The Student News Site of Macalester College

The Mac Weekly

The Student News Site of Macalester College

The Mac Weekly

Brunch 2.0: Exploring Tea House’s Weekend Brunch Buffet

Part of the buffet selection offered on weekends. Photo by Anzhe Cui ’19.
Photo by Katie Woodhouse ‘21.
Below: Giselle presenting on her time in La Mariscal and the work that she did there.
Photo courtesy of Giselle Lora ‘18.

We live in an age of over-ritualized brunch and Tea House’ weekend brunch buffet takes the ritual to another level. Located near Stadium Village, Tea House is the most authentic Chinese restaurant in town, serving traditional mainland-style dishes in a formal setting. I have exhausted their regular menu and discovered a high variance of quality. For example, I have had their braised tofu with baby bok choy seven times. Each time was worse than the previous, but its taste of scintillating pepper and thick chicken broth always tempts me to order again.

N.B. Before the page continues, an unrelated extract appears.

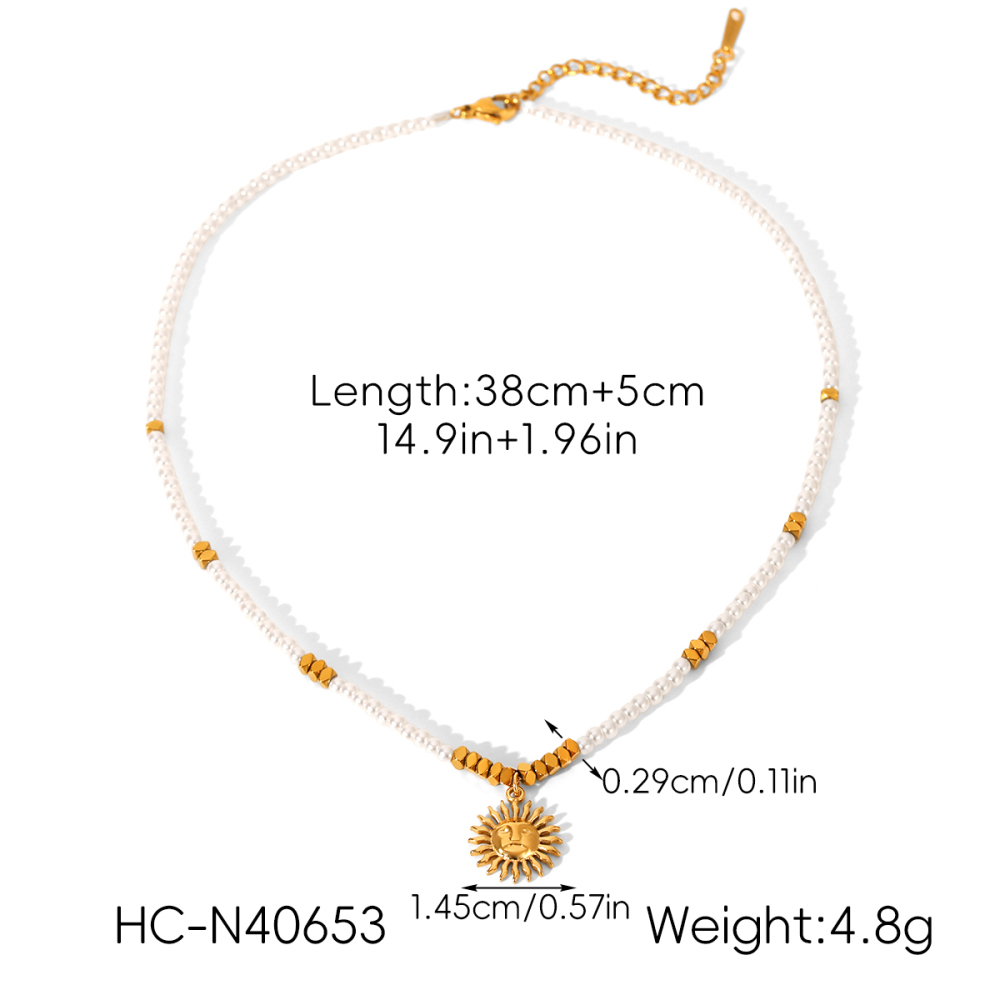 Jewelry Pearl Chain 304 Stainless Steel Sunflower Pendant Necklace For Women High-End Accessories Fashionable Necklace Vacuum Electroplated 18K Gold Plated INS Style Elegant Beaded Lobster Clasp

However, Tea House’ brunch buffet never disappoints. Every weekend morning, diners pass through a heavy red door into a welcoming space with rosewood furniture centered around tables of food, ranging from breakfast favorites to loaded main dishes.

The buffet items can be roughly divided into three groups. Near the entrance there’s a table of hearty wet foods including soymilk, tofu pudding and congee (rice soup). I don’t usually have congee in the buffet because it fills me up too quickly, but Tea House’s minced pork with preserved egg congee deserves recognition. Tofu pudding is served with sweet toppings like sugar and syrup, or salty toppings like soy sauce and pickled mustard. I always choose the savory options for their versatility: match them with some fried dough and egg pancake, and you can’t ask for more on a drizzling April morning.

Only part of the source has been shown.